Doug Rowe

Personal information
- Full name: Douglas Heath Rowe
- Date of birth: 9 July 1909
- Place of birth: Nottingham, England
- Date of death: 6 May 1978 (aged 68)
- Place of death: Grimsby, England
- Height: 5 ft 9 in (1.75 m)
- Position: Outside left

Youth career
- Sneinton

Senior career*
- Years: Team / Apps / (Gls)
- 1932–1933: Luton Town / 23 / (8)
- 1933–1934: Lincoln City / 11 / (5)
- 1934: Southampton / 2 / (1)
- 1934–1935: US Tourcoing

= Doug Rowe (footballer) =

English footballer

Douglas Heath Rowe (6 July 1909 – 6 May 1978) was an English professional footballer who played as an outside forward for Luton Town, Lincoln City and Southampton in the 1930s.

==Football career==
Rowe was born in Nottingham and played his early football with the local Sneinton village side before joining Luton Town in March 1932. After a season with Luton in the Football League Third Division South, in which he made 23 appearances with eight goals, Rowe moved to Lincoln City of the Second Division.

After a year with the "Imps", when he was used as understudy to Jack Wilkinson, Rowe had made eleven appearances at outside left scoring five goals.

In August 1934, he moved to the south coast to join Southampton. He played in two of the first three matches of the season, scoring in his second match, a 2–2 draw with Oldham Athletic, before he lost his place to Laurie Fishlock. Before long, Rowe requested a transfer and he moved to France to join US Tourcoing.
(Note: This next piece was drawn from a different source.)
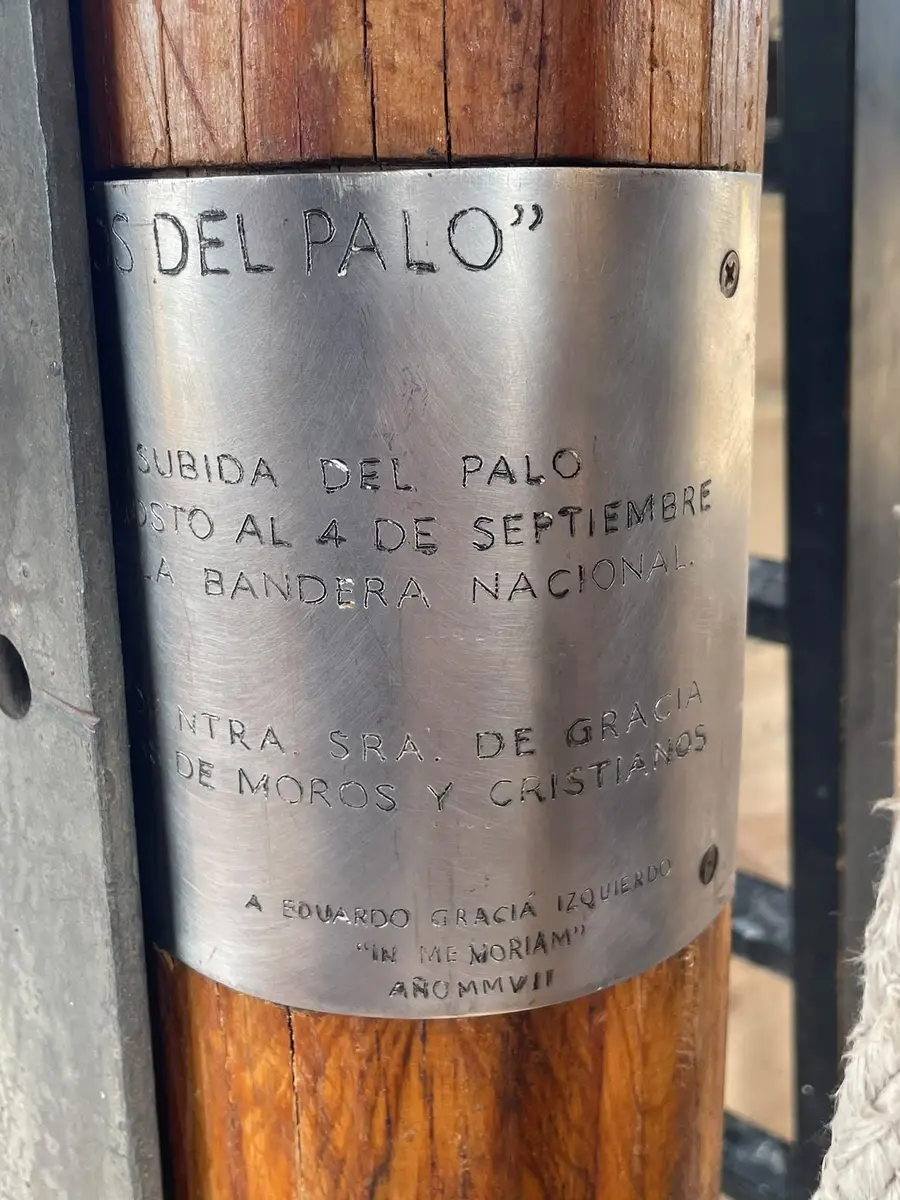Placa metálica del Palo con la dedicatoria a Eduardo Graciá Izquierdo, año 2007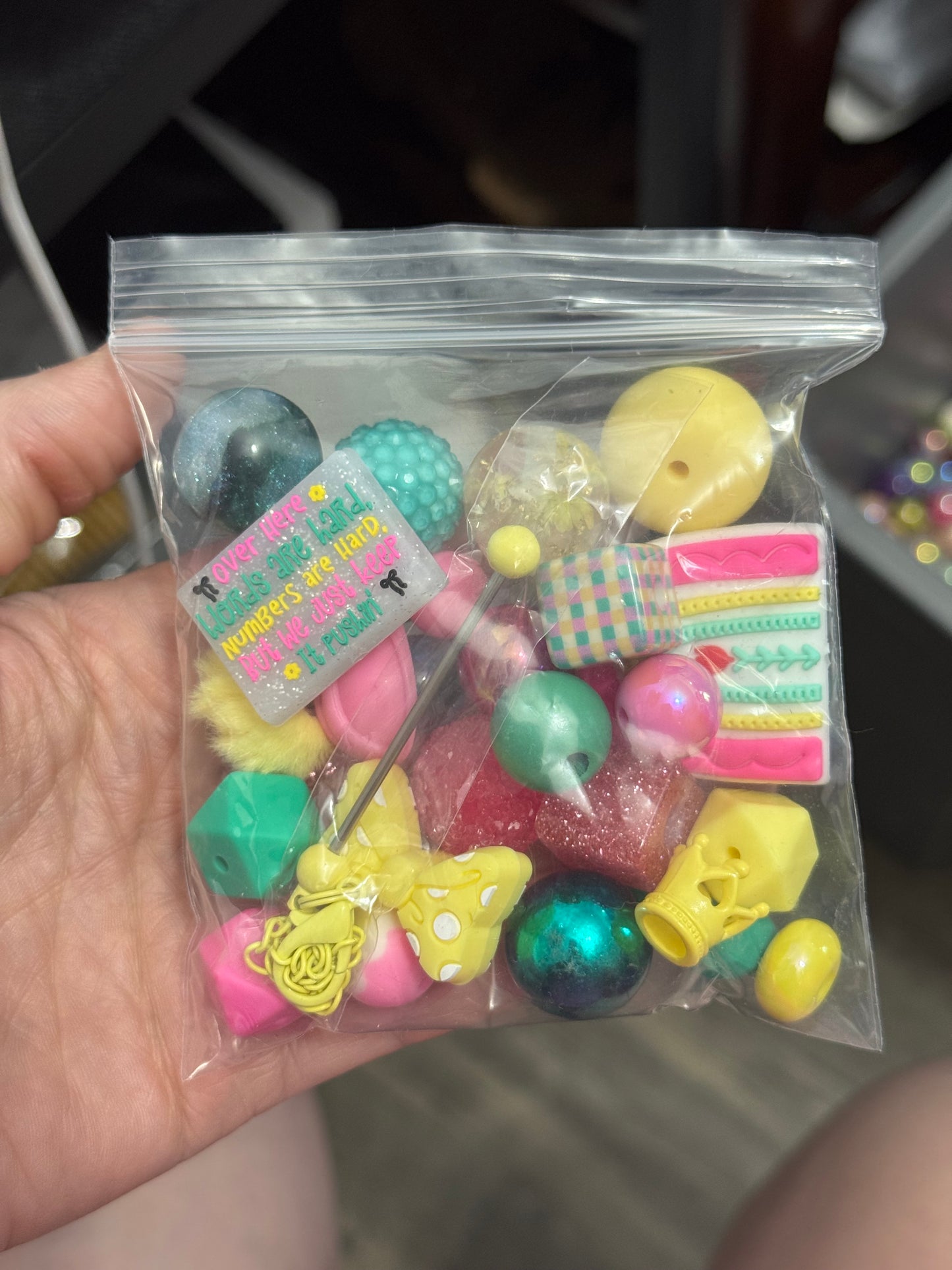 Destash Auction : Curated Chaos Bag #31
His time in France was brief, and by the following summer he had returned to England.

==Family and career outside football==
His brother, Bernard was a wrestler, who competed in the 1924 and 1928 Summer Olympics and won a silver medal at the 1934 Empire Games.

Doug himself was a top-class wrestler, winning the England Amateur Welterweight Championship, and also won prizes as a weight-lifter.